Take a deep breath. The symphony of sound is going to drive you batcrazy for a while. But there is a fantastic abundance of information in all that sound that you will come to love if you tuff it out. I have seen more than one person prematurely sell his FBS machine because he couldn't (wouldn't?) make the transition from another machine. Despite my telling him that he was going to have a learning curve and begging him to stay with it for 50hours, 1 friend sold his ML and went back to the machine he was comfortable with (and make no mistake, he was Good with that machine).
Get Andy Sabisch's Safari book, of course. As a longtime detectorist, you may not get a lot from it, but you will glean a few nuggets and a-Ha items.

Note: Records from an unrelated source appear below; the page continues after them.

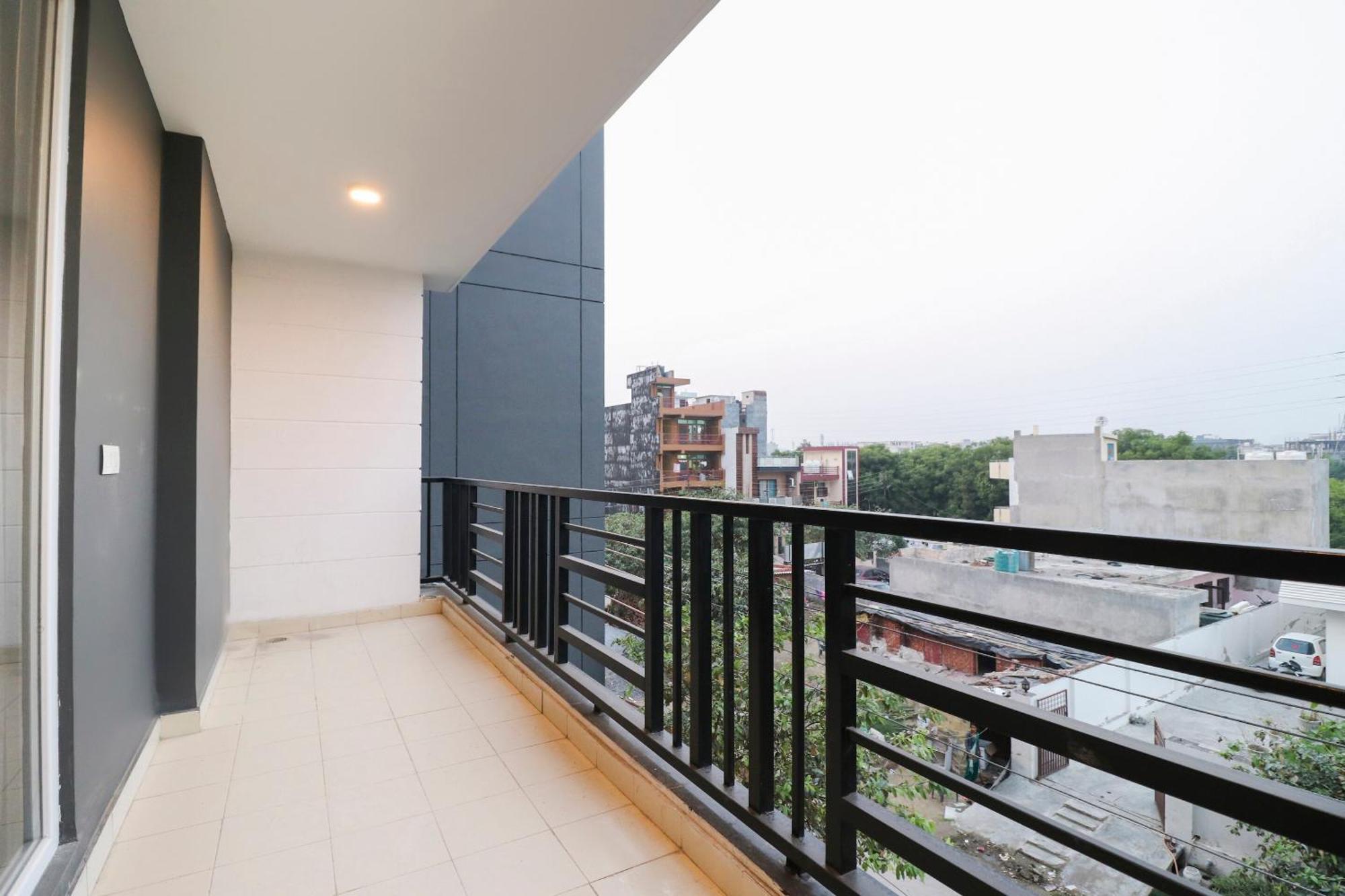 Oyo 700002诺伊达71区联排别墅 Indirapuram 外观 照片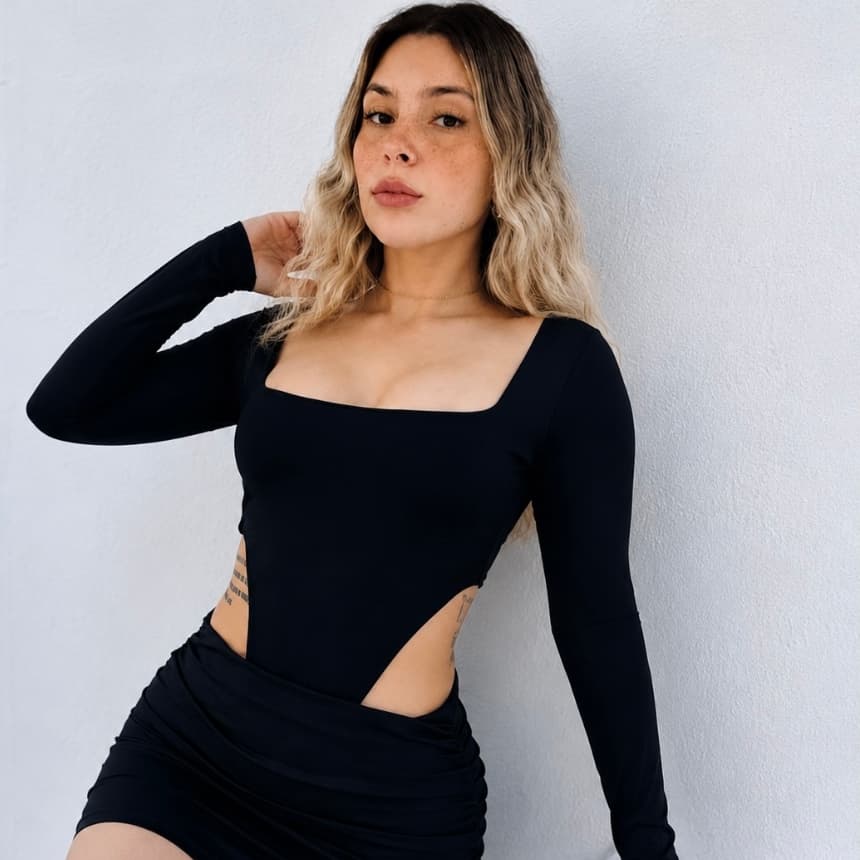 Body Feminino Decote Quadrado Gola Quadrada Manga Longa Bori Cavado Tendencia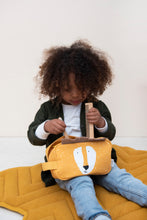 Load image into Gallery viewer, Kulturtasche - Mr. Lion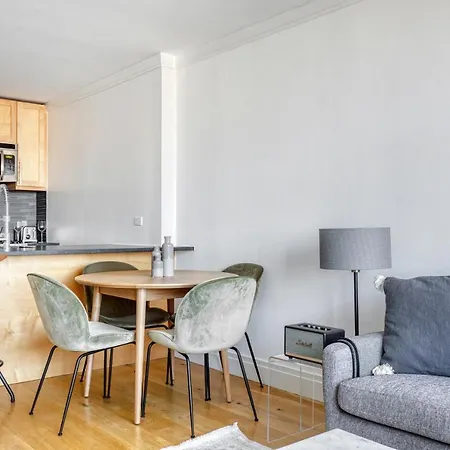 Ues 2br W Gym Wd Doorman Nr 6 Train Met Nyc-655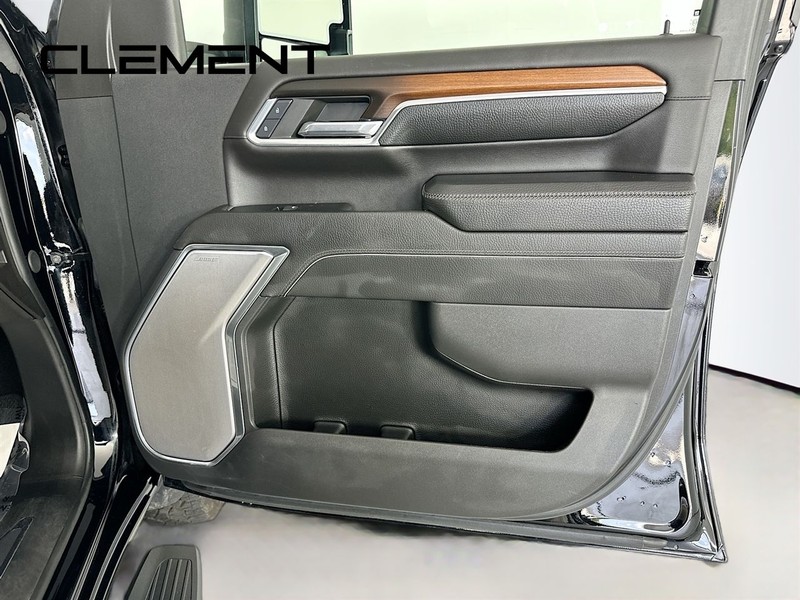 GMC Sierra 2500HD Vehicle Image 36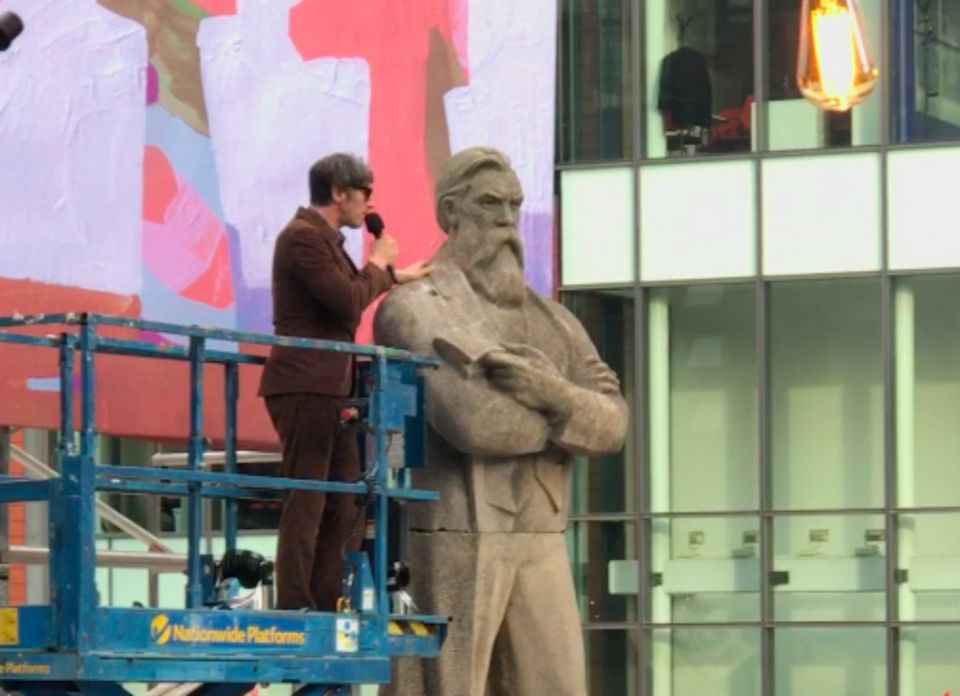 آنجلس ليس تمثالاً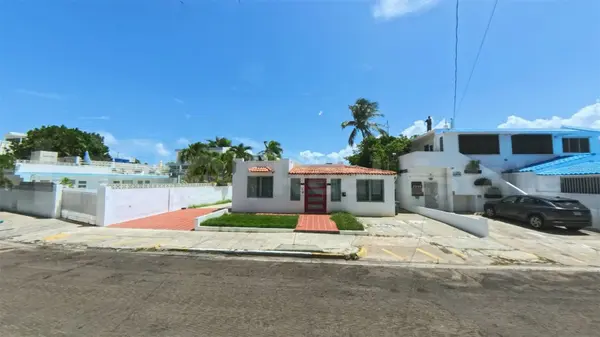 2058 ESPAÑA ST, San Juan, PR 00911
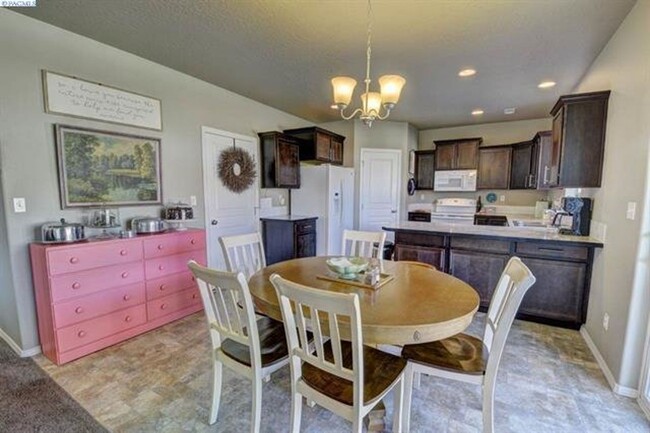 1710 SW Panorama Dr in Pullman, WA - Building Photo - Building Photo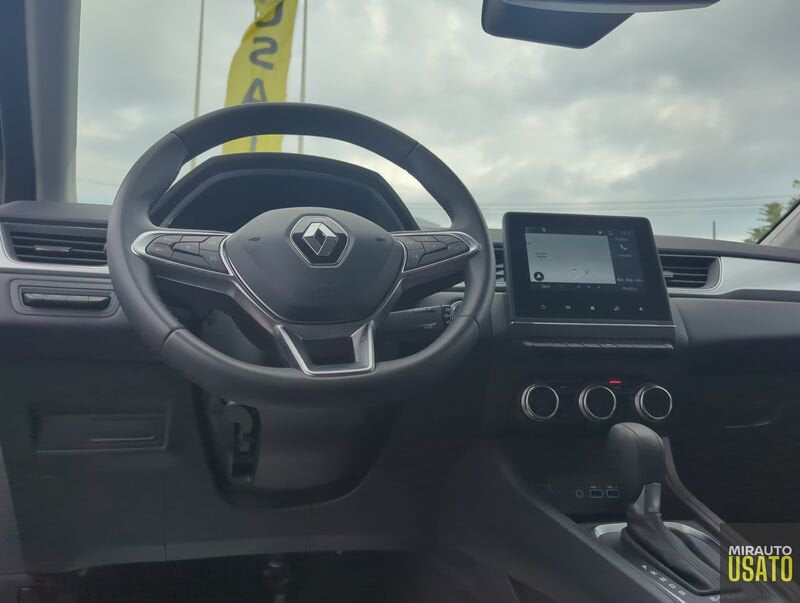 Renault   1.6 E-TECH HEV 145 TECHNO AUTO
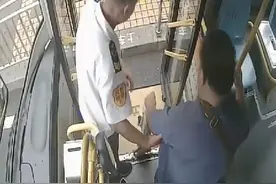 帮抬重物、搀扶老人，青岛公交司机助老服务暖人心图片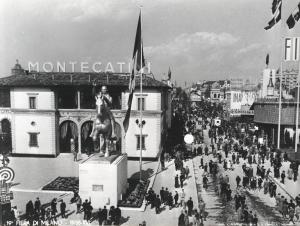 Fiera di Milano - Campionaria 1938 - Piazza Italia e viale dell'industria
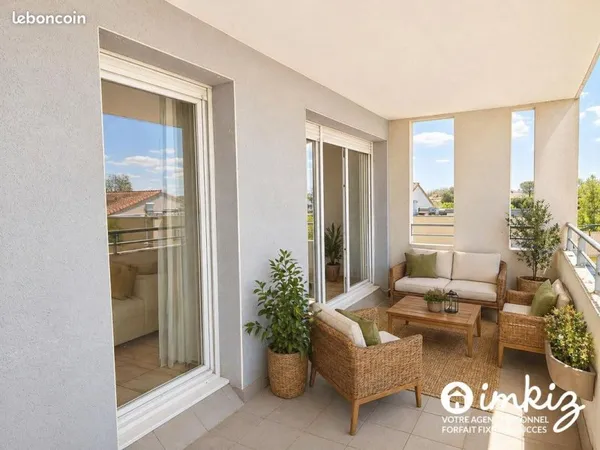 T4 en dernier étage avec terrasse, vue dégagée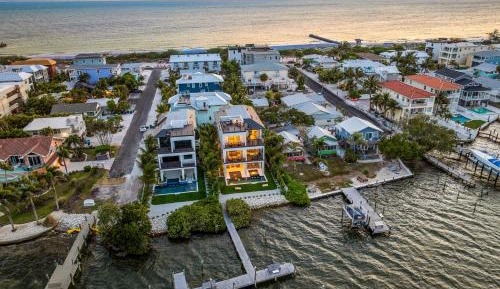 Six-Bedroom Holiday Home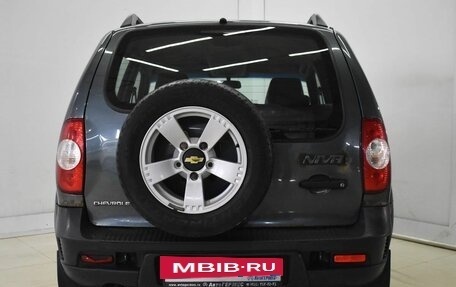 Chevrolet Niva I рестайлинг, 2016 год, 695 000 рублей, 3 фотография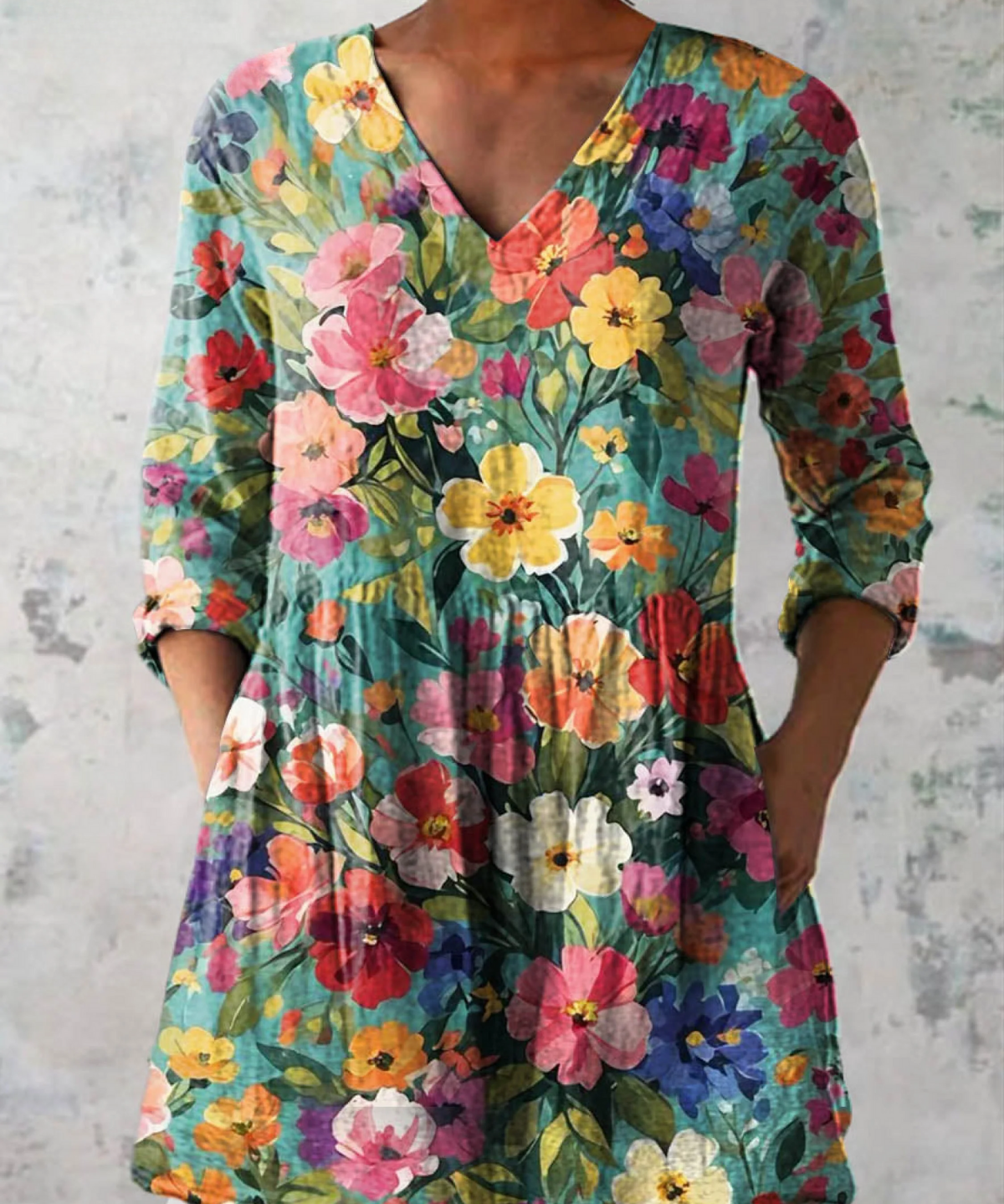 Nora Long Blouse with V-Neck in Multicolor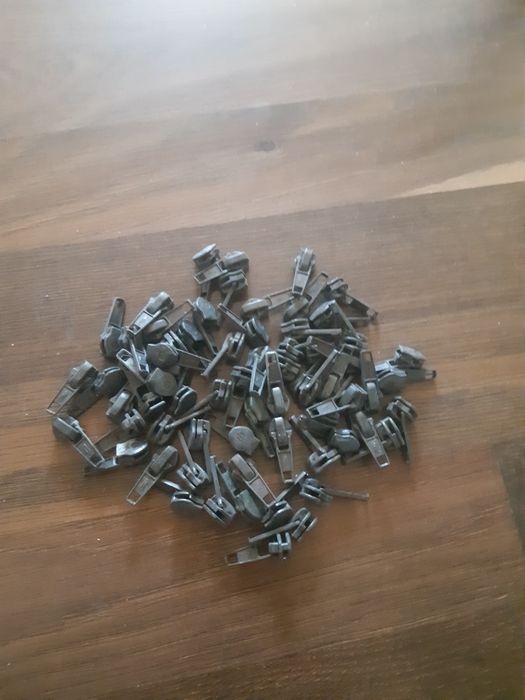 Бігунки для замків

It took me about 50 hours on my Safari (my first fbs) before something went clik in my brain and my finds went way up and my trash went way down. This despite my having every advantage that the internet said was good for learning a FBS machine (musical experience, decades of detecting, intelligence, good hearing, etc).
Run Auto+3 until you get a feel for the machine; then force manual for whatever you can.
Cross Save and discriminate out the negative #s.
If you are going crazy, black out everything below about 38(depends on your soil) and 12,13,14(nickels). 15, even a jumpy 14-15 is a pulltab. period. Gold rings seem to be 3,6,9 and then from nickels on up depending on alloy.
The biggest thing is Trust Your Machine. Remember, the Safari is making that strange noise for a reason and its your part of the job to figure out why.
Welcome to the FBS Club. Youre gonna love it.